Kur’an-ı Kerim, Kadın Dövmeyi Kesinlikle Yasaklar
İslam, kadına yönelik şiddeti onaylamadığı halde bazı kimseler “nüşuz” yapan kadınların dövülebileceğini iddia etmekte ve bu görüşlerini savunurken de Nisa Sûresi 34. âyeti iddialarına delil olarak getirmektedir.
Müfessirlerin çoğunluğu Nisa Sûresi 34. âyete şu anlamı vermişlerdir:
“Erkekler, kadınların koruyup kollayıcılarıdırlar. Çünkü Allah, insanların kimini kiminden üstün kılmıştır. Bir de erkekler kendi mallarından harcamakta (ve ailenin geçimini sağlamakta)dırlar. İyi kadınlar, itaatkârdırlar. Allah’ın (kendilerini) koruması sayesinde onlar da ‘gayb’ı korurlar. (Evlilik yükümlülüklerini reddederek) başkaldırdıklarını gördüğünüz kadınlara öğüt verin, onları yataklarında yalnız bırakın! (Bunlar fayda vermez de mecbur kalırsanız) onları (hafifçe) dövün! Eğer itaat ederlerse, artık onların aleyhine başka bir yol aramayın. Şüphesiz Allah, çok yücedir, çok büyüktür.”

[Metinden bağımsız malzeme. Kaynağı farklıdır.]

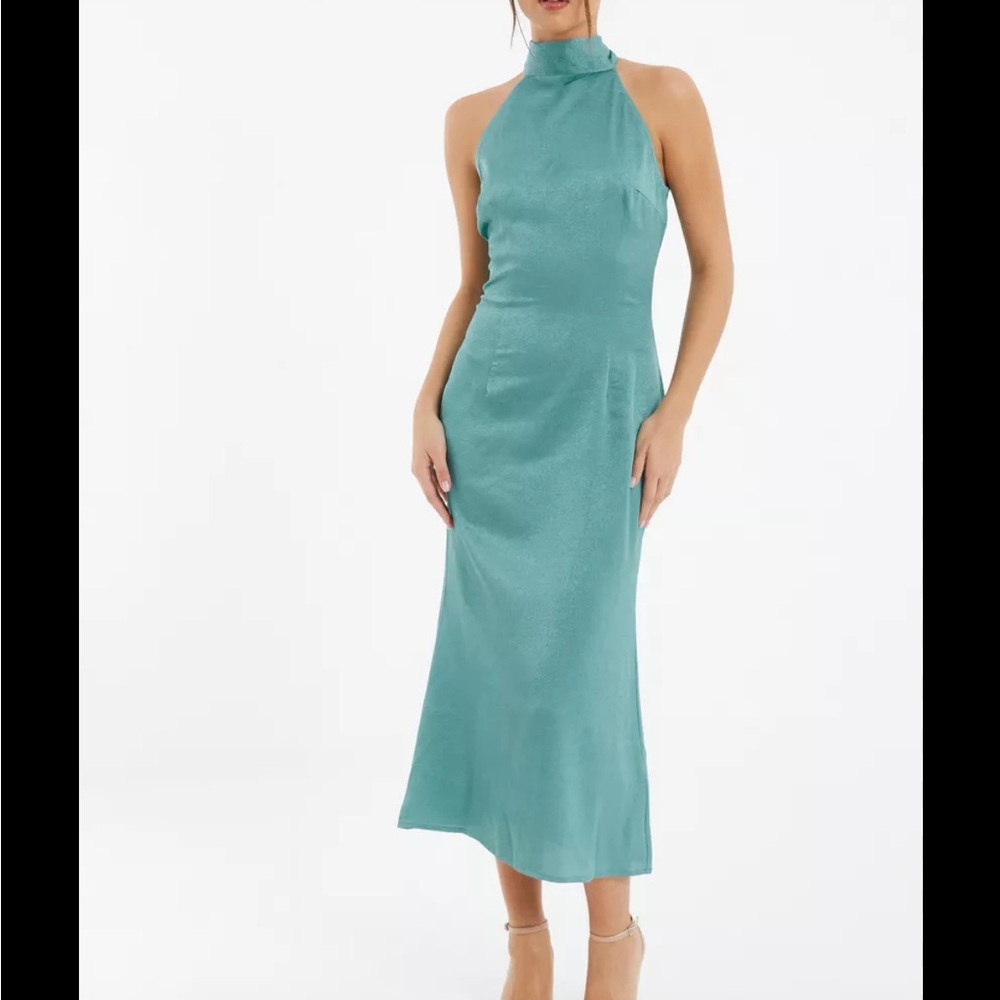 Quiz • Aqua Halter Neck Midi‎ Dress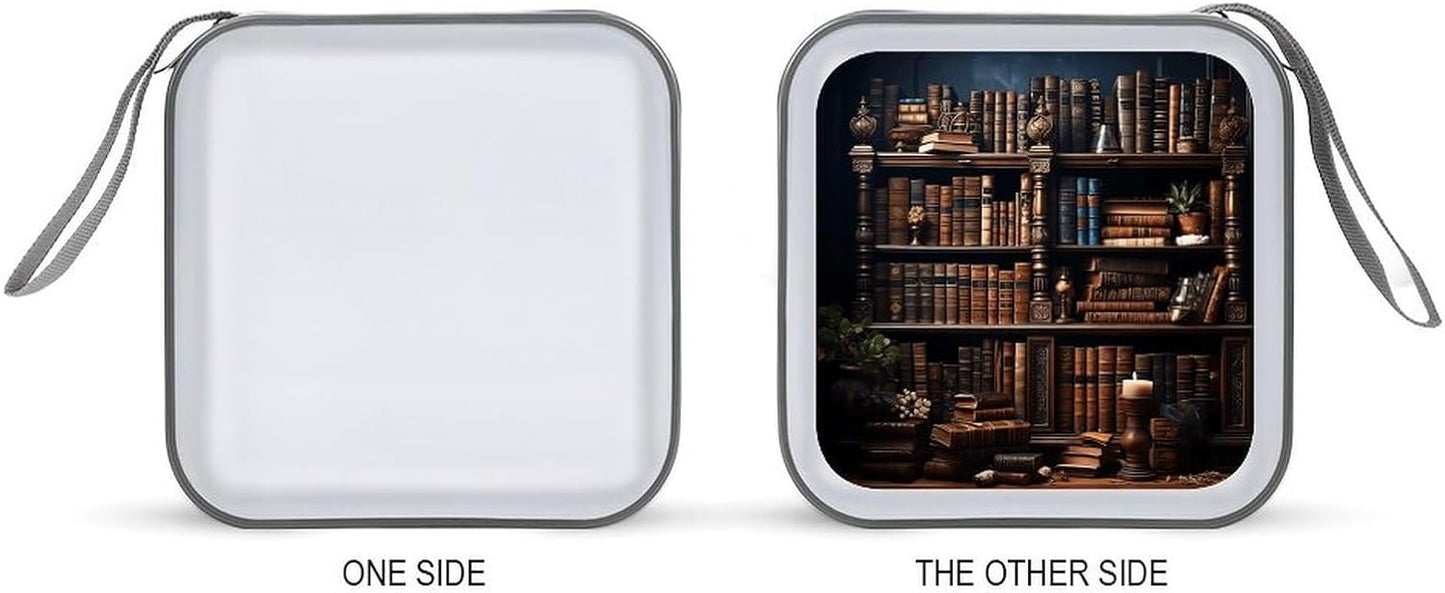 Books on The Bookshelf CD Case Portable Zipper CD Cases Holder Hard Plastic DVD Disc Cases Storage Binder Large Storage Disc Wallet Bag Heavy Duty Booklet Album 40 Capacity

Kur’an yorumcularını “kadınların dövülebileceği” kanaatine ulaştıran husus, “Kur’an ve sünnet bütünlüğünü” göz ardı etmeleri ve âyette geçen “darebe” fiilinin sadece “bir anlamına” bakmalarıdır. Kanaatimizce bu ayette “darebe” fiiliyle erkeklere “nüşuz yapan kadınları dövün!” denilmemektedir.
Âyeti daha iyi anlayabilmek için öncelikle “nüşuz” kavramını açıklayalım.
Nüşuz, “bazı tavır ve davranışları sebebiyle aile hukukuna başkaldırma belirtileri gösteren, aileye ihanet etme durumuna gelen, ailenin şerefine leke sürme olasılığı güçlenen kimseler” için kullanılır.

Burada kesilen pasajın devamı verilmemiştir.